Erst vor wenigen Wochen wurde von der EU im Critical Raw Materials Act die Sicherstellung der Versorgung der europäischen Wirtschaft mit kritischen Rohstoffen nochmals nachgeschärft. Ein klar definierter Anteil, der Abbau, Verarbeitung und Verwertung betrifft, muss innerhalb der Europäischen Union stattfinden. Das Recycling gewinnt dadurch an Bedeutung und kann einen Beitrag zur Ressourcenverfügbarkeit leisten. „Die geopolitischen Herausforderungen der letzten Jahre haben klar gezeigt, wie kritisch die Abhängigkeit von einzelnen Handelspartnern bei der Beschaffung von Rohstoffen sein kann. Hier bietet die Kreislaufwirtschaft eine gute Alternative, um seine Selbstständigkeit zu erhöhen“, meint Badura.  In Europa gibt es laut Europäischer Kommission jährlich Kunststoffabfall in der Höhe von 25,8 Millionen Tonnen, von denen rund ein Drittel auch tatsächlich recycelt wird. Das hat Auswirkungen auf Natur und Wirtschaft.

Zielvorgabe bis 2030

Die Zielvorgabe hat die bisherige Recycling-Berechnungsmethode insofern verändert, als dass es nunmehr um eine stoffliche Verwertung eines Kunststoffs geht. Die rein thermische Verwertung ist nicht mehr ausreichend: „Früher wurde die Recyclingquote anhand des Inputs in die Sortieranlage berechnet, entsprechend einer neuen EU-Berechnungsmethode ist nun der Output entscheidend“, erklärt Badura. Nach dem Trennungs- und Aufbereitungsprozess entsteht ein Recycling-Granulat, das wieder neu in den Kreislauf zurückgeschickt werden kann. Bis 2030 sollen alle auf dem EU-Markt in Verkehr gebrachten Kunststoffverpackungen wiederverwendbar sein oder kosteneffizient recycelt werden können. Nicht recycelbare Stoffe sollen aus Verpackungen verbannt werden. Vor diesem Hintergrund ist es auch notwendig, die Aufbereitung und Verarbeitung von recycelten Kunststoffen durch bessere Sammlung und Sortierung von Kunststoffabfällen zu fördern.
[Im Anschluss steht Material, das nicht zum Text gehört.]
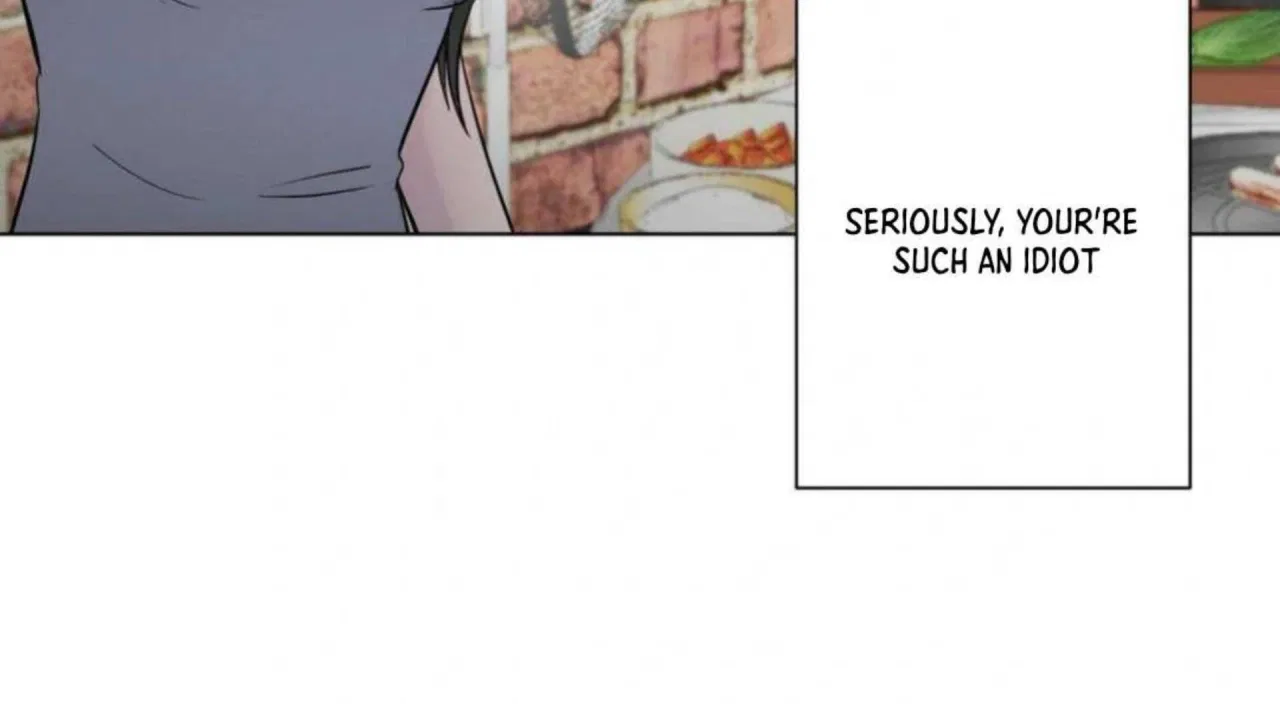 Jiwoo’s Master Chapter 3 – Page 48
Beim Produktdesign ansetzen

Damit ein Verwertungskreislauf entstehen kann, muss schon bei der Entstehung des Produkts angesetzt werden. „Das Design ist für den Recyclingprozess eine Schlüsselbedingung, damit es überhaupt klappen kann. Aktuell stellen viele Hersteller beispielsweise Verpackungen mit schwierig zu verwertenden Verbundfolien, die aus mehreren Kunststoffarten bestehen, auf Verpackungen aus Monomaterial um, die lediglich aus einem Kunststoff bestehen“, so Badura. Damit könne anschließend die Ausbeute im Recyclingprozess gesteigert werden. Für eine Reihe von Schlüsselsektoren wie Batterien, Textilien, elektronische Produkte und im Bauwesen ist außerdem die Einführung eines digitalen Produktpasses geplant, der für Transparenz im Lebenszyklus eines Produkts sorgen soll. Dieser Pass soll Informationen vom Rohstoff bis zum Recycling enthalten.